In the surrounding area there are additional wetlands and lakes that also serve as resting, wintering, and feeding grounds for a variety of waterfowl. These include the two closed, spring-fed oxbow lakes joined by a small stream and draining into Spring River. The land is owned by four families. A small copse of elm and salt cedar provides cover. Landowners are careful of visitors and usually only allow bird counters into the area. These lakes are rarely disturbed and are large enough to provide winter grounds for 500-3000 waterfowl including rarities such as Greater Scaup and Wood Duck.
Directions: From US-285 at the north side of Roswell, turn east onto NM-246 and follow the road to the refuge.

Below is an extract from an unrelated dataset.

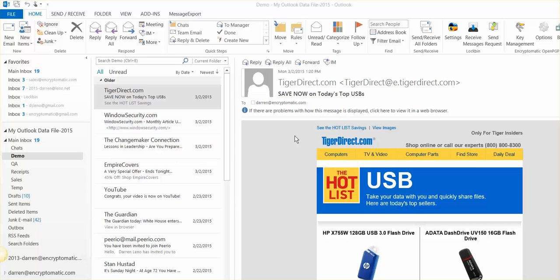Our company, Encryptomatic LLC, develops products like Outlook add-ins that help people send encrypted email messages, and we also have email viewing applications that help people manage email content. So all day long we are working in Microsoft Outlook, and this is a question that comes up from time to time. So we wanted to make a video and help you out with it.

Approximately 15 pairs of Black-necked Stilt, 45 pairs of American Avocet, 5 pairs of Least Tern, and 60 pairs of Snowy Plover nest on the refuge. While migrating populations of Wilson's Phalarope peak near 600 birds in spring and 500 in fall. Duck populations peak in the fall at 6000-10,000 with Northern Pintail comprising half that number. Migrants include 8000 Snow and Ross' geese and 4000 Sandhill Cranes. All of the above bird activity is centered around 500 acres of natural and artificial wetlands.
Data are averages of the Weekly Waterbird Surveys for the years 1997-98.
To restore and maintain selected portions of a hydrological system that more closely mimics the natural processes along the reach of the Pecos River adjacent to Bitter Lake NWR by restoring the river channel. To protect non-riverine wetlands from further groundwater loss and from potential contamination from development adjacent to the refuge. Understanding protecting and restoring breeding and residential populations of federal and state listed endangered and threatened species.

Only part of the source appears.